• _Records supplied_:
#####

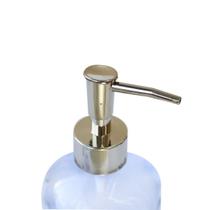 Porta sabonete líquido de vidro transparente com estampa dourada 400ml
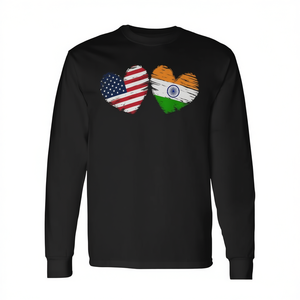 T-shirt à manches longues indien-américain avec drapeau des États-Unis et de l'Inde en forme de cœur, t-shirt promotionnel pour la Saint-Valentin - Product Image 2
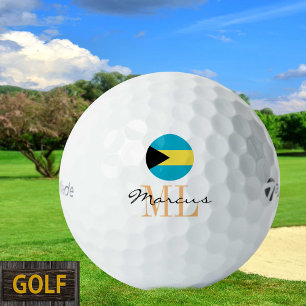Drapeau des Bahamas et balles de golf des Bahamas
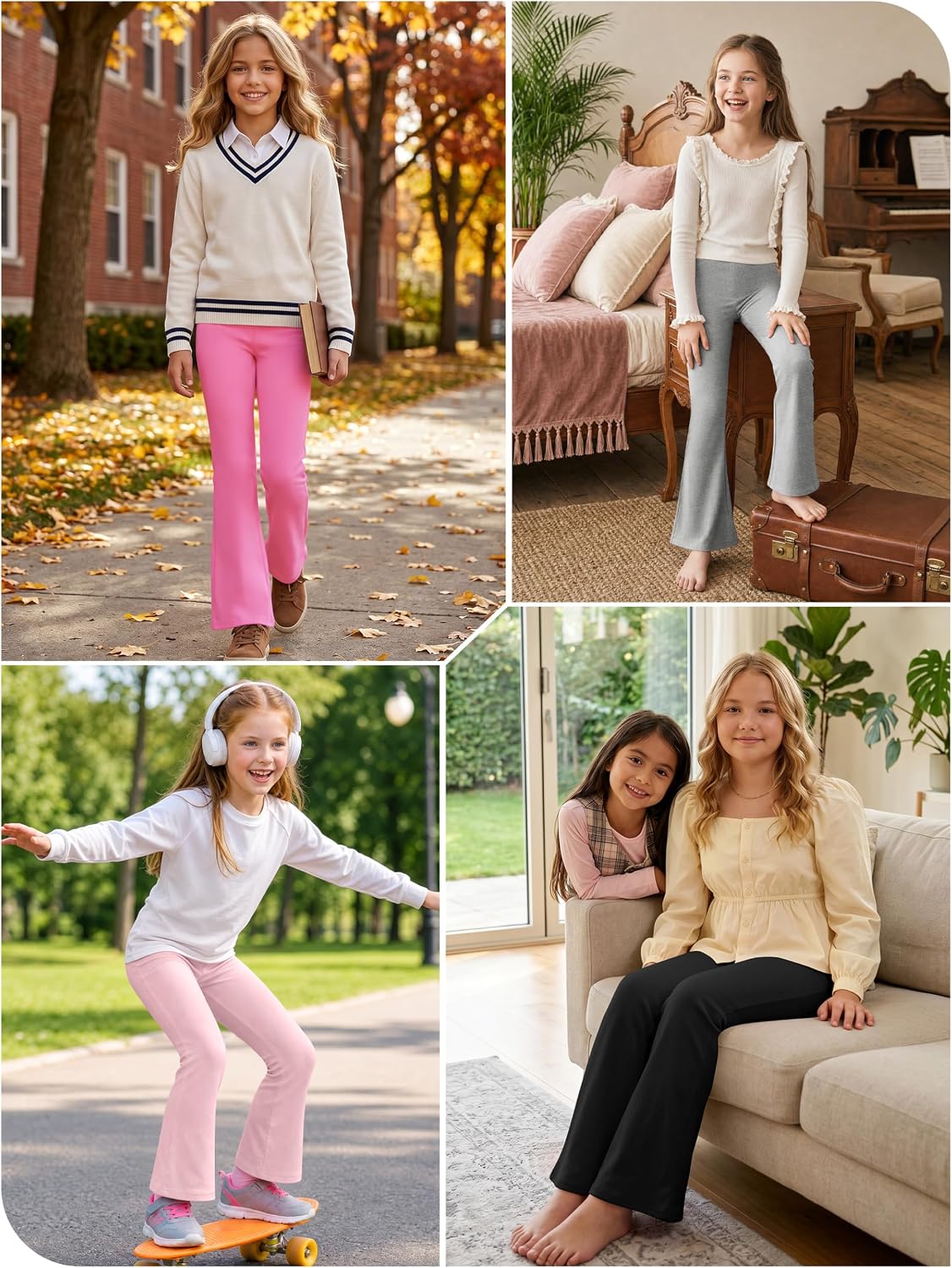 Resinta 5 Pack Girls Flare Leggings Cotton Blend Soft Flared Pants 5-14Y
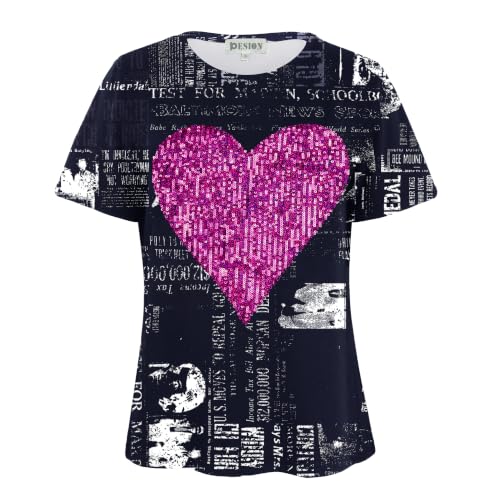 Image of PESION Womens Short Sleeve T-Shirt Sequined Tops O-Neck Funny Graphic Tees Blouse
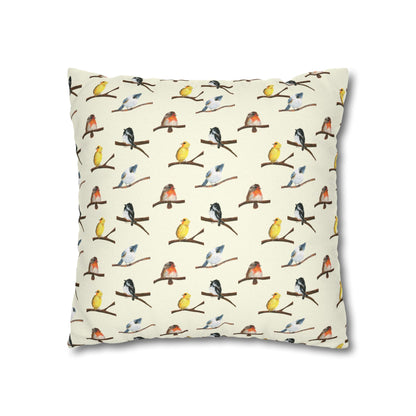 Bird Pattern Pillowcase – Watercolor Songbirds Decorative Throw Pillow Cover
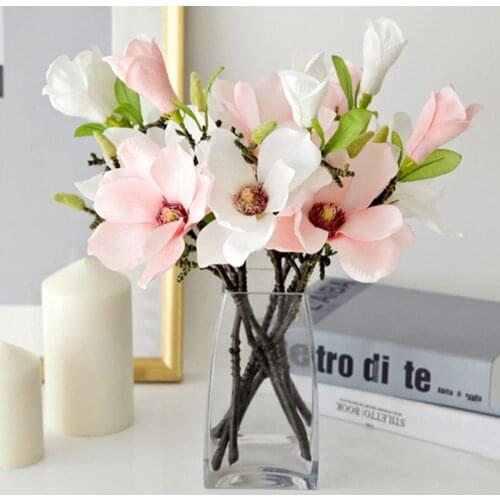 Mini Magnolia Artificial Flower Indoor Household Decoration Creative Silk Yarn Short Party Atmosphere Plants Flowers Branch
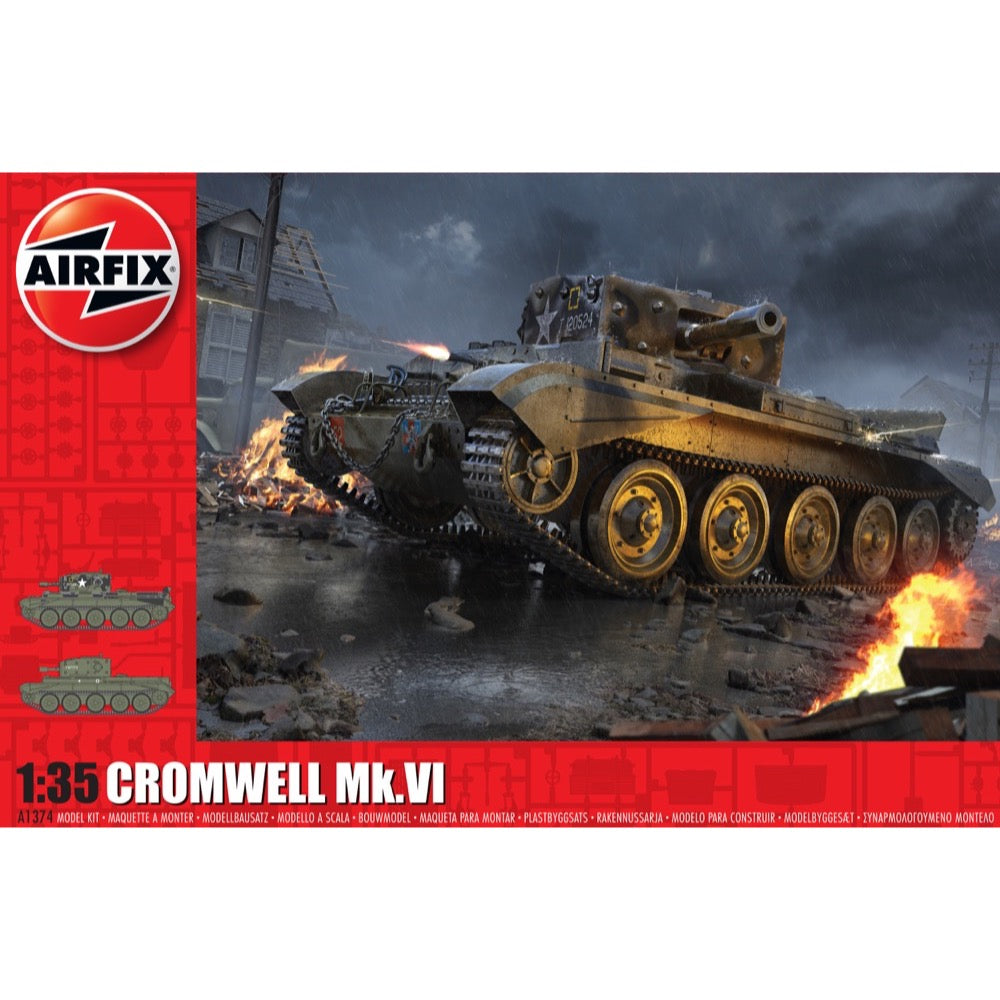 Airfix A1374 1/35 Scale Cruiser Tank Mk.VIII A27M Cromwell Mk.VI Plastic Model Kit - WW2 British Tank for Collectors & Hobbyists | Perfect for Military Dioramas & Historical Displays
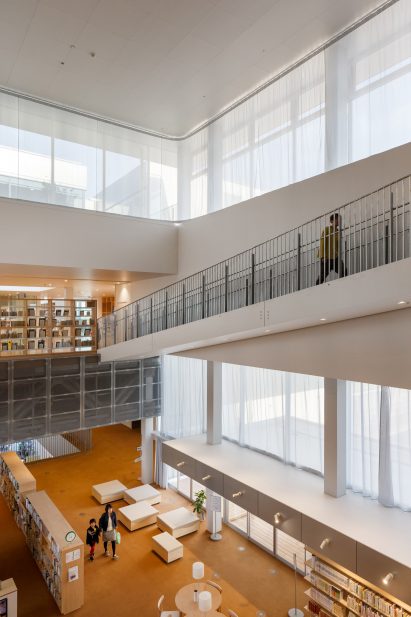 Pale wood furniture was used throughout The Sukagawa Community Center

#####

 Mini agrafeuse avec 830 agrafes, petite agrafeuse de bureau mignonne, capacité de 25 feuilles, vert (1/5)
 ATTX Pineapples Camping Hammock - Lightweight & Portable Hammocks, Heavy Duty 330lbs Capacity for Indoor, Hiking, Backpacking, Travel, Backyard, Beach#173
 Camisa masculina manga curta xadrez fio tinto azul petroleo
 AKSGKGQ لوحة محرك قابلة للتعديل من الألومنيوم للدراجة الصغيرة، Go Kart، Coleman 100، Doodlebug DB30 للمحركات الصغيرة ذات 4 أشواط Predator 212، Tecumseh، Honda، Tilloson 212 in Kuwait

#####

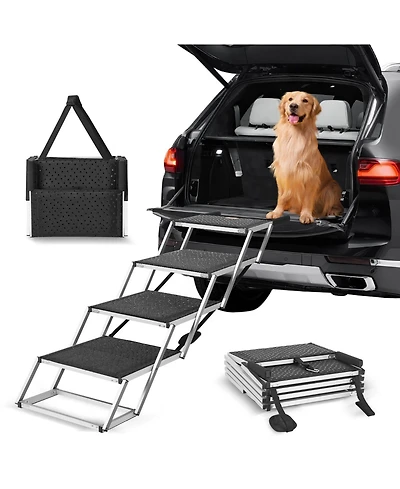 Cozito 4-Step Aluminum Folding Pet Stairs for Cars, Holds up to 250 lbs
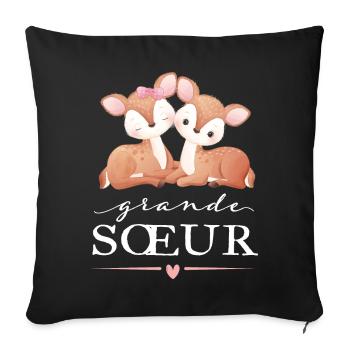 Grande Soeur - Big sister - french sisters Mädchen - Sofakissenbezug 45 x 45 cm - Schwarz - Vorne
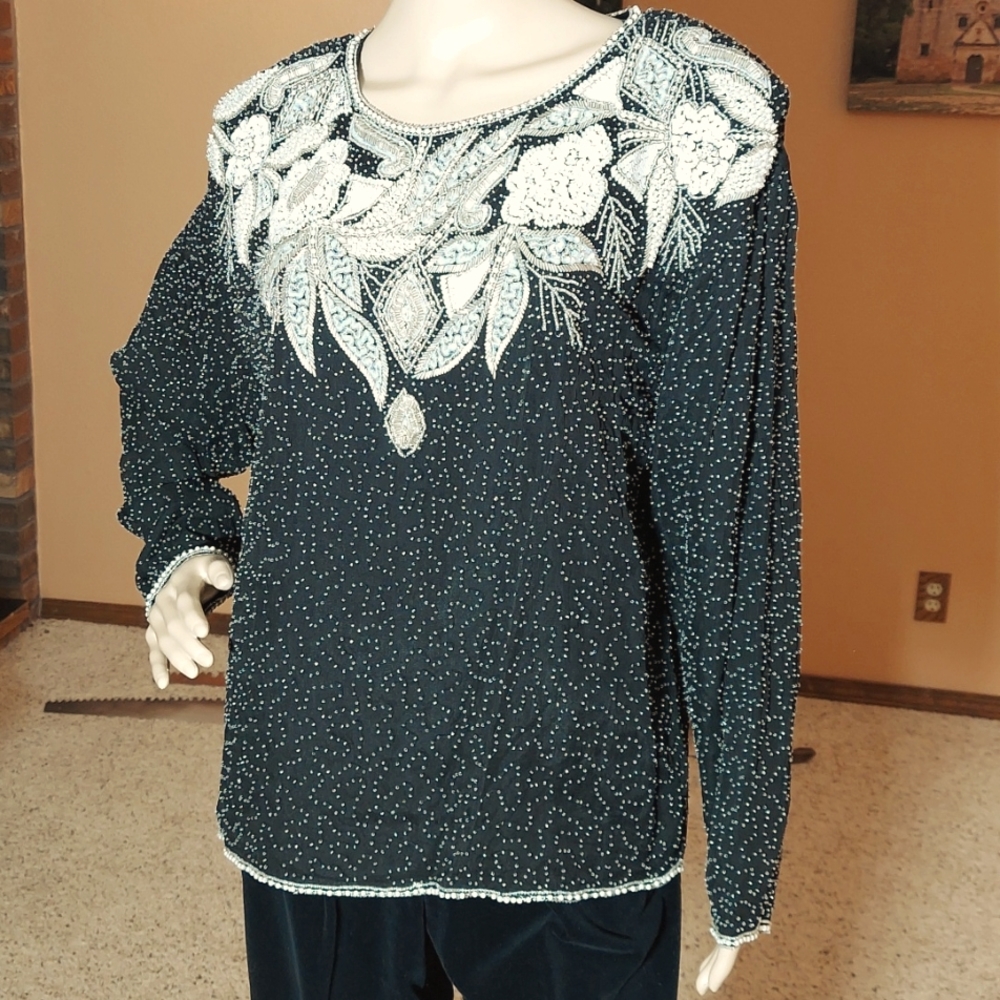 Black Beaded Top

#####

• _Exercise goal_: Going back over the entries above, copy word for word every line from the one that has "Camisa masculina manga" on through the one that has "AKSGKGQ لوحة محرك".

• _Output for this task_:
 Camisa masculina manga curta xadrez fio tinto azul petroleo
 AKSGKGQ لوحة محرك قابلة للتعديل من الألومنيوم للدراجة الصغيرة، Go Kart، Coleman 100، Doodlebug DB30 للمحركات الصغيرة ذات 4 أشواط Predator 212، Tecumseh، Honda، Tilloson 212 in Kuwait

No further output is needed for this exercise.